Exercise:
The full listing, start to finish: write it out again exactly.

:: Available data ::

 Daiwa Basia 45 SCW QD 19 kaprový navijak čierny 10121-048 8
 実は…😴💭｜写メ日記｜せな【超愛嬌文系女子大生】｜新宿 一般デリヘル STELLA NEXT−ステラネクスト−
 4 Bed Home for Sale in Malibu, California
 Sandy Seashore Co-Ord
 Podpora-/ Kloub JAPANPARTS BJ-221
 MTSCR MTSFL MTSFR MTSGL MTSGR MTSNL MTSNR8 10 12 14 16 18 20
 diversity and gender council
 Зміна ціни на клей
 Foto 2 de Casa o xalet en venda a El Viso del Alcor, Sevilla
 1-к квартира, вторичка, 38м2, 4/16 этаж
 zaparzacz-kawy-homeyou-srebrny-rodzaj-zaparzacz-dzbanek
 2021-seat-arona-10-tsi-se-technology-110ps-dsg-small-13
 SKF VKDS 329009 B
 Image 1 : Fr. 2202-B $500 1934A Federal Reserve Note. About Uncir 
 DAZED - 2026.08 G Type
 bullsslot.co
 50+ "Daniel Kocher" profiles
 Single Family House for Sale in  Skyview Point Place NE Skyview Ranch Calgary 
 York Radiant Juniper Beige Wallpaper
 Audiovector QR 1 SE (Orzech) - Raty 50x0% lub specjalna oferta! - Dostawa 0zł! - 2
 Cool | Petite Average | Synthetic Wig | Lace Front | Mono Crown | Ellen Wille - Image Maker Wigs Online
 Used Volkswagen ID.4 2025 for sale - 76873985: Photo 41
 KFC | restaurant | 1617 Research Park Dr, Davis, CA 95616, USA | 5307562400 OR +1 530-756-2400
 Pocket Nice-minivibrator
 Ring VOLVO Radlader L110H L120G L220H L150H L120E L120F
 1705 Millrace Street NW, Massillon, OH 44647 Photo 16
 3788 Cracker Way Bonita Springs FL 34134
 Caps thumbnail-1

:::

Solution for this task:
 Daiwa Basia 45 SCW QD 19 kaprový navijak čierny 10121-048 8
 実は…😴💭｜写メ日記｜せな【超愛嬌文系女子大生】｜新宿 一般デリヘル STELLA NEXT−ステラネクスト−
 4 Bed Home for Sale in Malibu, California
 Sandy Seashore Co-Ord
 Podpora-/ Kloub JAPANPARTS BJ-221
 MTSCR MTSFL MTSFR MTSGL MTSGR MTSNL MTSNR8 10 12 14 16 18 20
 diversity and gender council
 Зміна ціни на клей
 Foto 2 de Casa o xalet en venda a El Viso del Alcor, Sevilla
 1-к квартира, вторичка, 38м2, 4/16 этаж
 zaparzacz-kawy-homeyou-srebrny-rodzaj-zaparzacz-dzbanek
 2021-seat-arona-10-tsi-se-technology-110ps-dsg-small-13
 SKF VKDS 329009 B
 Image 1 : Fr. 2202-B $500 1934A Federal Reserve Note. About Uncir 
 DAZED - 2026.08 G Type
 bullsslot.co
 50+ "Daniel Kocher" profiles
 Single Family House for Sale in  Skyview Point Place NE Skyview Ranch Calgary 
 York Radiant Juniper Beige Wallpaper
 Audiovector QR 1 SE (Orzech) - Raty 50x0% lub specjalna oferta! - Dostawa 0zł! - 2
 Cool | Petite Average | Synthetic Wig | Lace Front | Mono Crown | Ellen Wille - Image Maker Wigs Online
 Used Volkswagen ID.4 2025 for sale - 76873985: Photo 41
 KFC | restaurant | 1617 Research Park Dr, Davis, CA 95616, USA | 5307562400 OR +1 530-756-2400
 Pocket Nice-minivibrator
 Ring VOLVO Radlader L110H L120G L220H L150H L120E L120F
 1705 Millrace Street NW, Massillon, OH 44647 Photo 16
 3788 Cracker Way Bonita Springs FL 34134
 Caps thumbnail-1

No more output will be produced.